STORED DATA

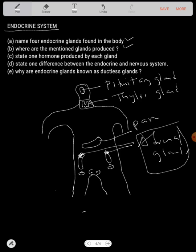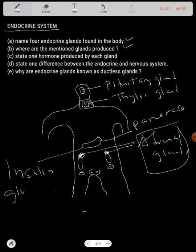Then we have the pancreas. The pancreas doesn't just play a role in coordination — it also plays a role in digestion. The pancreas has two main hormones: insulin and glucagon. Insulin converts glucose to glycogen.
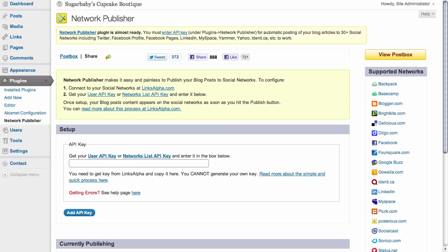Once we have added our Facebook API key, we have now created a connection between our blog and our Facebook page. Any blog articles that we publish now will show up on our Facebook page as well.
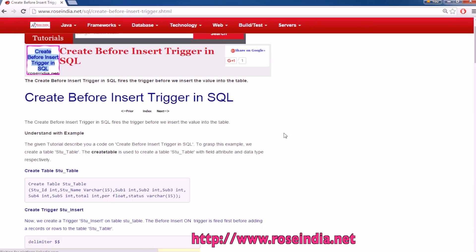In this video tutorial, we will learn how to create a before insert trigger in the MySQL database.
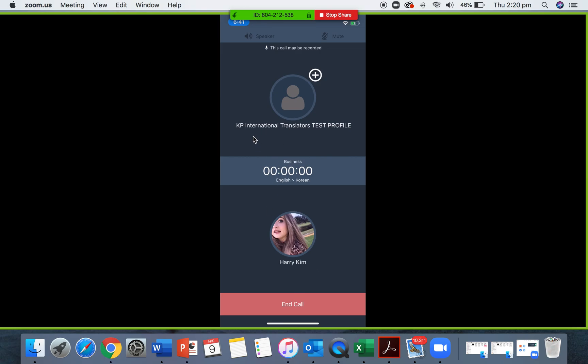The messaging icon hasn't shown up yet, but it's usually here. When you click into that, you can live chat with people. This is useful if either party is experiencing audio or network issues, or if you or the other party, the client, needs to give specific details.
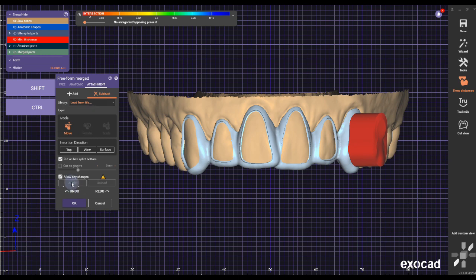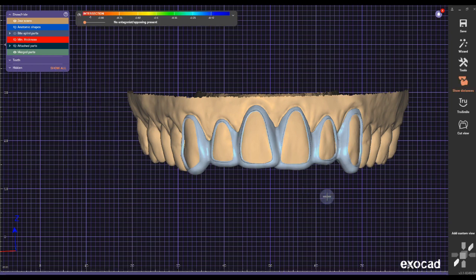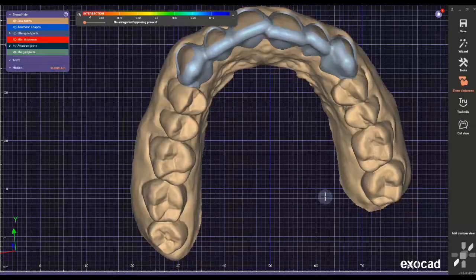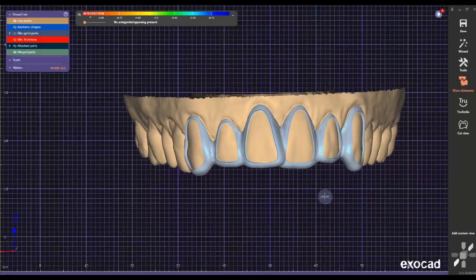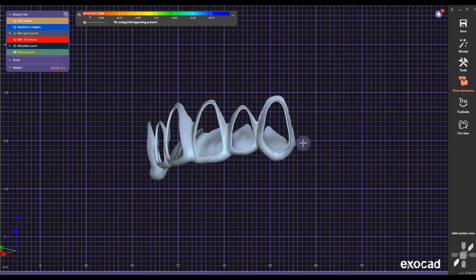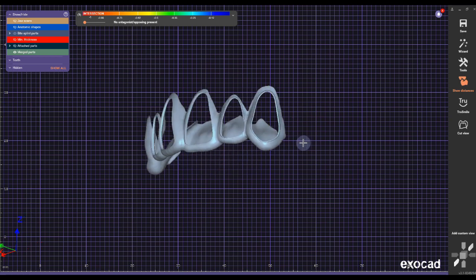Load each file one by one. When you've loaded everything, click OK and it will close the attachment module. That's basically the whole step — it's a really easy process. You can also use this for a gingival reduction guide by extending it a little bit. Maybe I'll make another video about that, but there you have it!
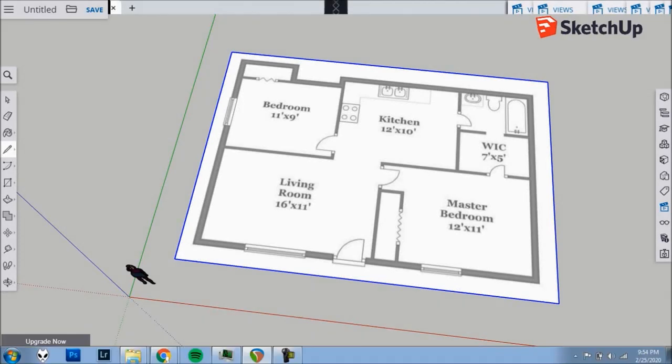In this video, I'll show you how to trace the walls of our floor plan for our SketchUp House project.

DIRECTIONS FOR THIS TASK
Reproduce, with the pictures omitted, exactly those lines that run from the line with "The messaging icon" to the last line of the material, both ends included.

COMPLETED TASK
The messaging icon hasn't shown up yet, but it's usually here. When you click into that, you can live chat with people. This is useful if either party is experiencing audio or network issues, or if you or the other party, the client, needs to give specific details.
Load each file one by one. When you've loaded everything, click OK and it will close the attachment module. That's basically the whole step — it's a really easy process. You can also use this for a gingival reduction guide by extending it a little bit. Maybe I'll make another video about that, but there you have it!
In this video, I'll show you how to trace the walls of our floor plan for our SketchUp House project.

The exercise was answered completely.